◆ **Requirement**: Transcribe the listing below only from the line with "Cute Bee Print" up to and including the line with "Sumicor USB Barcode".

◆ **Records for the exercise**:

########################################

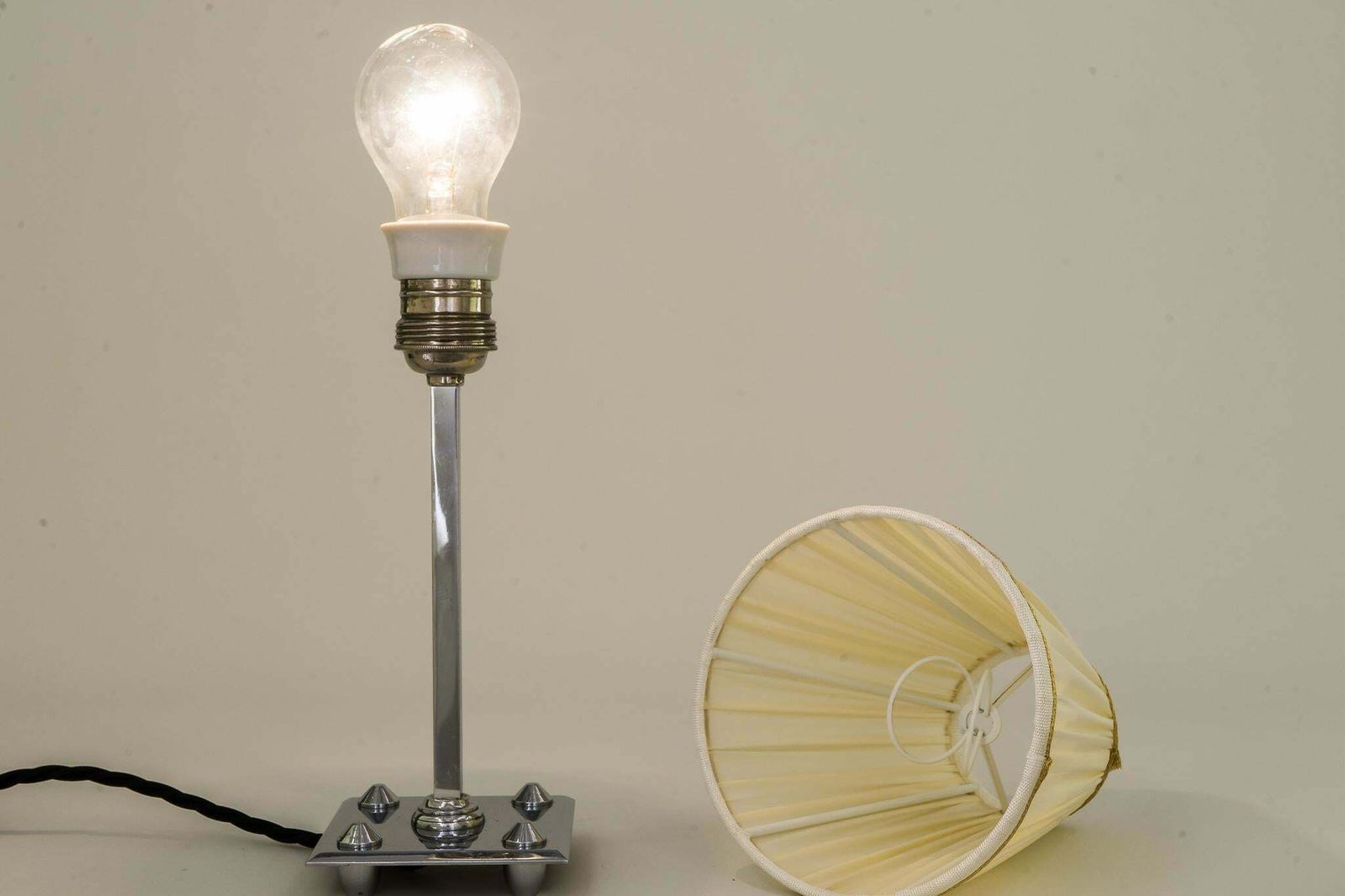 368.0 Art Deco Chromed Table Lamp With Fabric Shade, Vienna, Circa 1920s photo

########################################

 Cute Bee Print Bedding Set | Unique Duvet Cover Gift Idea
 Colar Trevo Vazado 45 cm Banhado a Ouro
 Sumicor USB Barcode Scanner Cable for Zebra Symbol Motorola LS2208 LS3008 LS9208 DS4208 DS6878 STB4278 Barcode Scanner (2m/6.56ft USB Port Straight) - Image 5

########################################

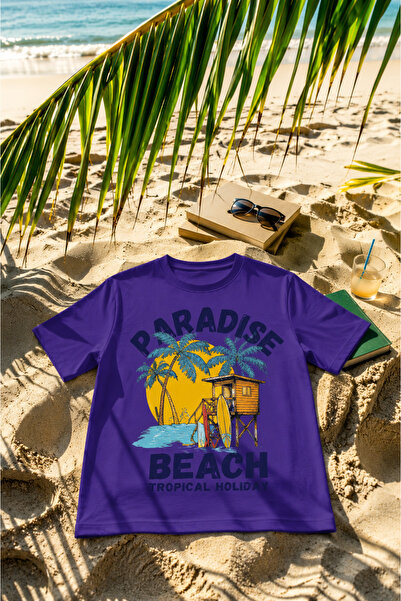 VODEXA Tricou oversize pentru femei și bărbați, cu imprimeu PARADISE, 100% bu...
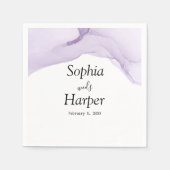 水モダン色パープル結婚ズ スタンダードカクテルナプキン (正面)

########################################

◆ **Response area**:
 Cute Bee Print Bedding Set | Unique Duvet Cover Gift Idea
 Colar Trevo Vazado 45 cm Banhado a Ouro
 Sumicor USB Barcode Scanner Cable for Zebra Symbol Motorola LS2208 LS3008 LS9208 DS4208 DS6878 STB4278 Barcode Scanner (2m/6.56ft USB Port Straight) - Image 5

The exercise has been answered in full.